London-based writer with incurably itchy feet always looking for the quirky and curious
Published January 5th 2010
It is a little out of the way, but if you're a lover of classic art, you won't regret the trek to Dulwich Picture Gallery in South East London.
It holds the accolade of being the first public art gallery in England, opened in 1811. The initial collection, originally from Polish royalty, was bequeathed to Dulwich College by Sir Francis Bourgeois. To house this extensive collection, the College commissioned the architect, Sir John Soane (who's also the man behind the Bank of England and rooms in No. 10 and No. 11 Downing Street). The gallery Soane designed has come to be the archetype for art galleries across the world including the Getty Museum in Los Angeles.
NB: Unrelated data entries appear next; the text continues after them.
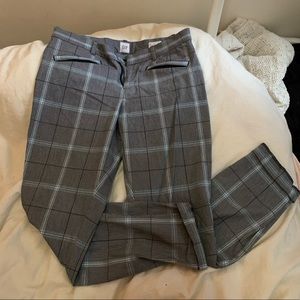 Blue, white & grey plaid work pants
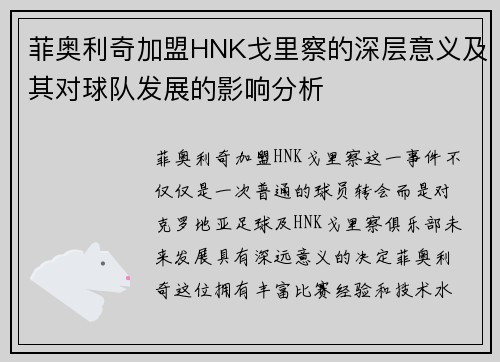 菲奥利奇加盟HNK戈里察的深层意义及其对球队发展的影响分析 菲奥利奇加盟HNK戈里察的深层意义及其对球队发展的影响分析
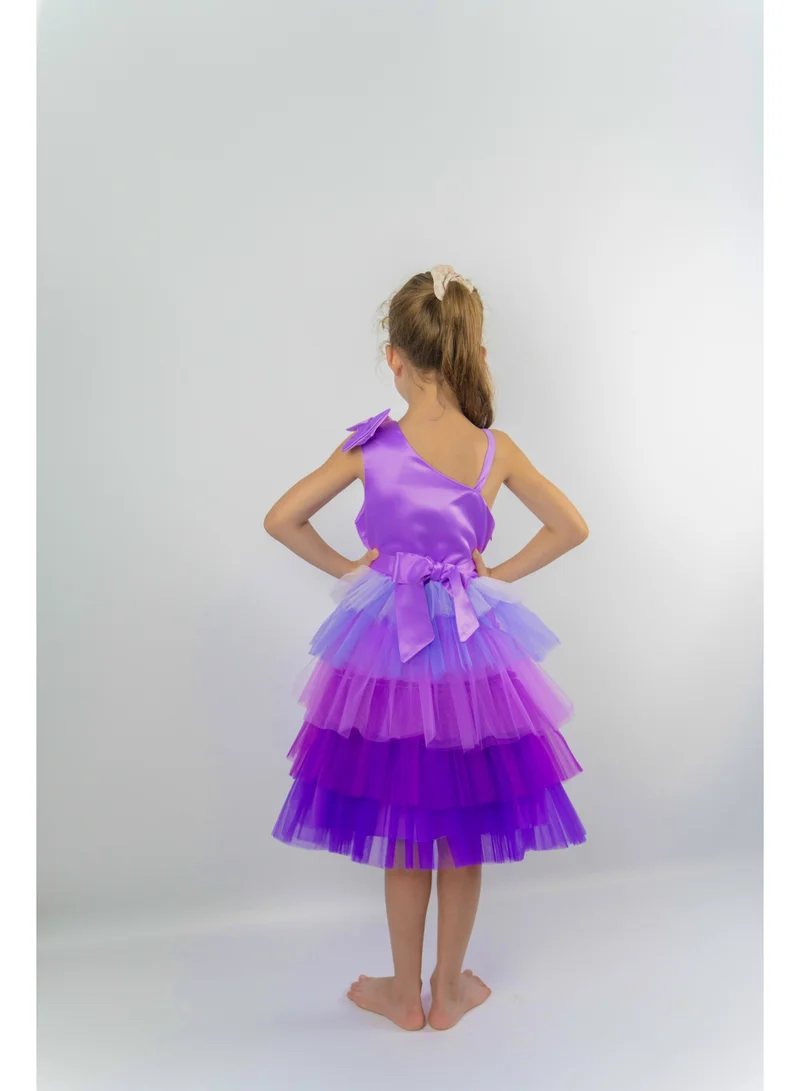 D'Daniela D'Daniela Emelly Colorful Party Dress  Purple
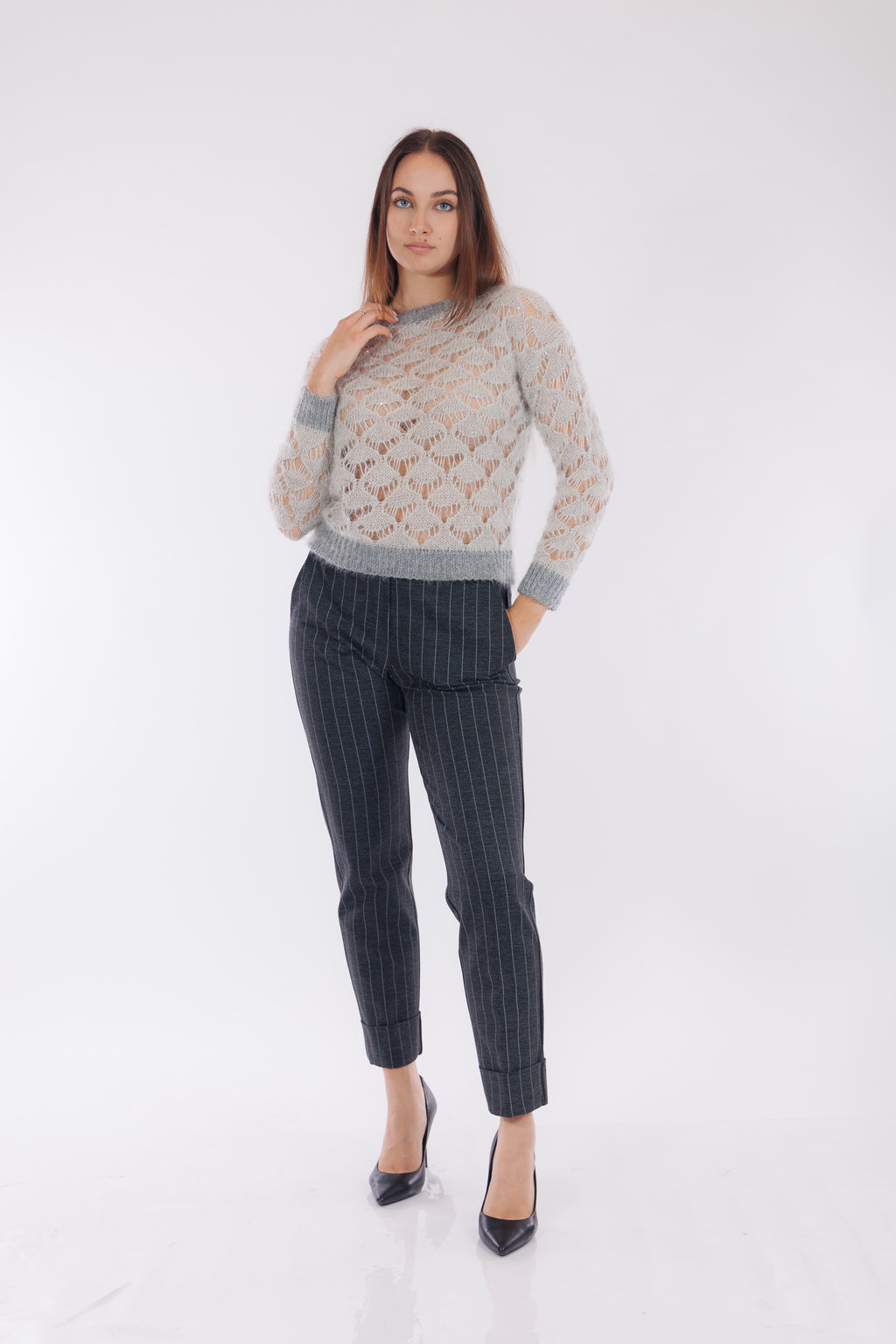 Pantalone gessato new york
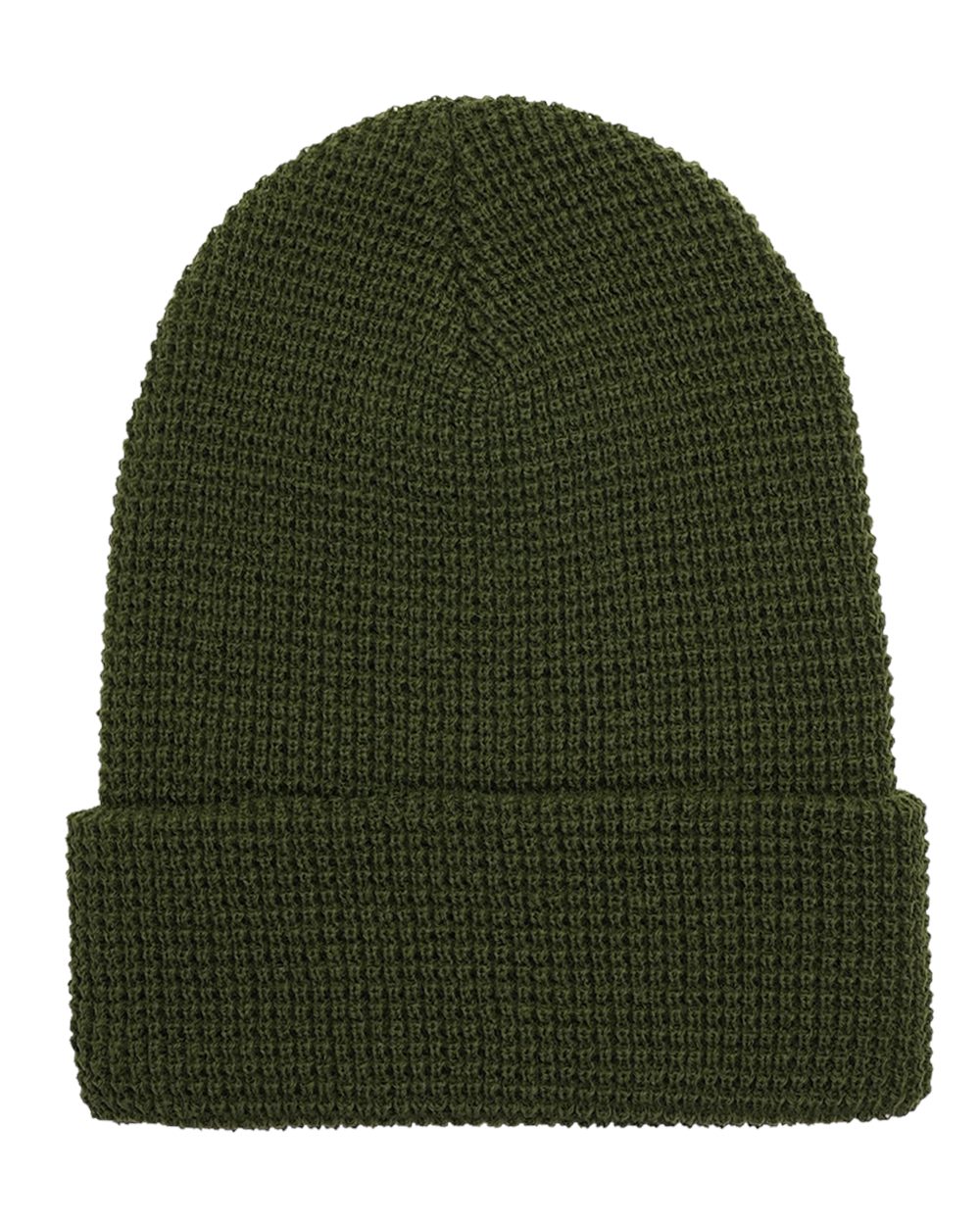 Front View of Olive Waffle Cuffed Knit Beanie - 2501K
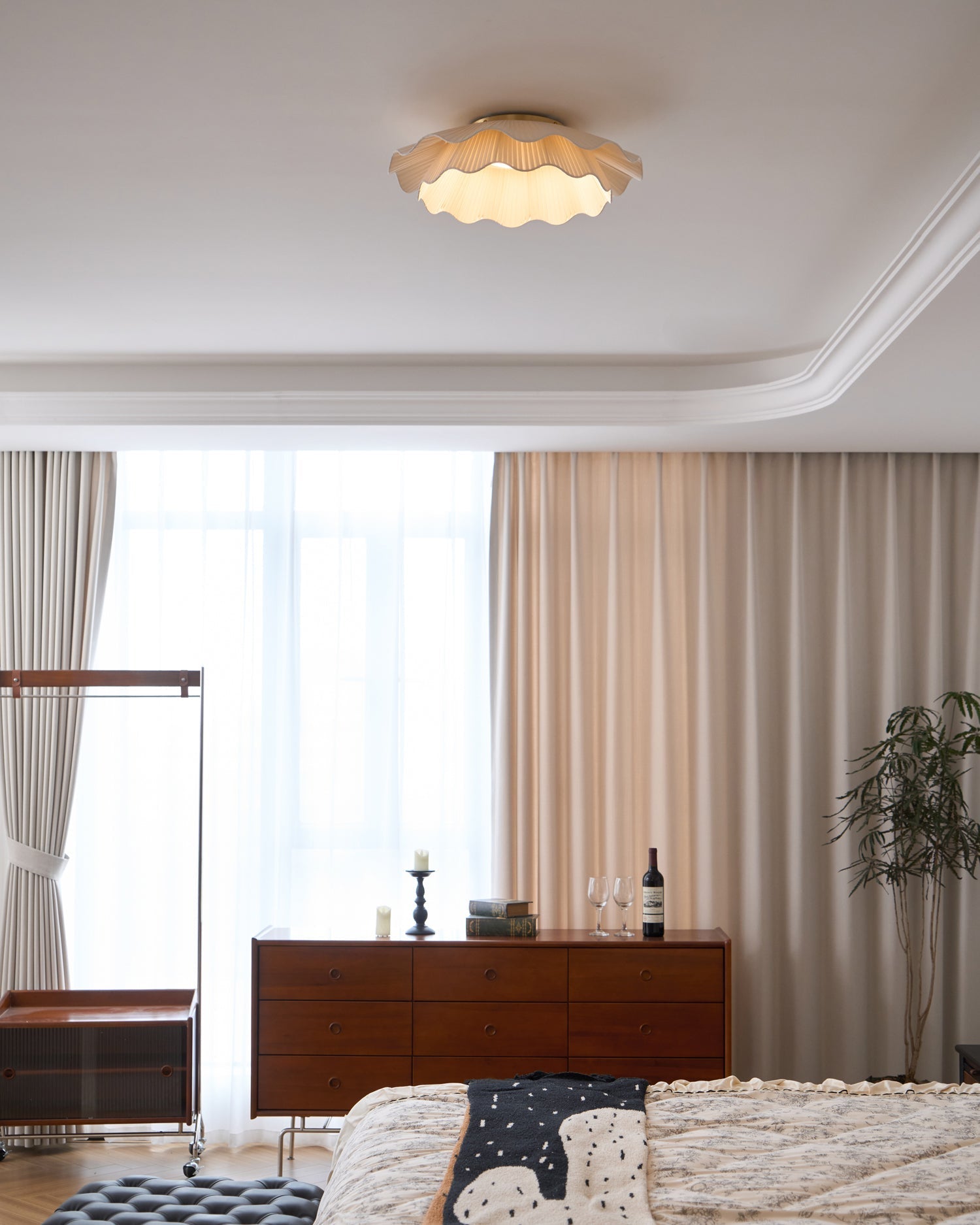 Rosebrook Fabric Wave Flush Mount Ceiling Light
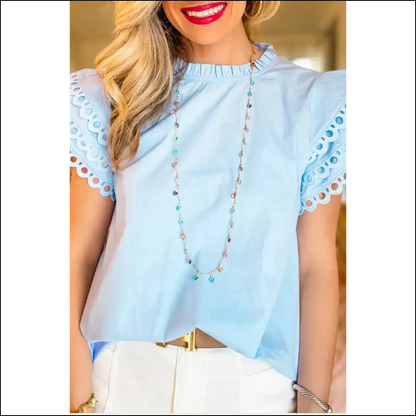 Beau Blue Layered Cap Sleeve Blouse Prepare for Stares - s - Blouses on Sale Worldwide Shipping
Masters in the permanent collection here include British artists such as Thomas Gainsborough and continental heavyweights such as Rubens, Rembrandt and Canaletto. Paintings span the walls from floor to ceiling, sometimes making it difficult to inspect works closely. Take advantage of the central seating provided to study the works en masse as this is the best way to appreciate the more inaccessible paintings.
In addition to the permanent collection, the gallery runs a number of temporary exhibitions too. Upcoming displays include Desperately Seeking Conservation (October 13-January 3 2010), a group of paintings which are rarely displayed and are in need of restoration. In contrast, more modern work including watercolours and photographs by war artist Paul Nash can be viewed from Feb 10 - May 9 2010 in the exhibition Paul Nash: The Elements.
Keep an eye out for evening lectures and art classes that run at the gallery throughout the year. There's also a pleasant cafe and courtyard area to sit back and muse over one of the world's most unassuming, but inspiring, art gallety collections.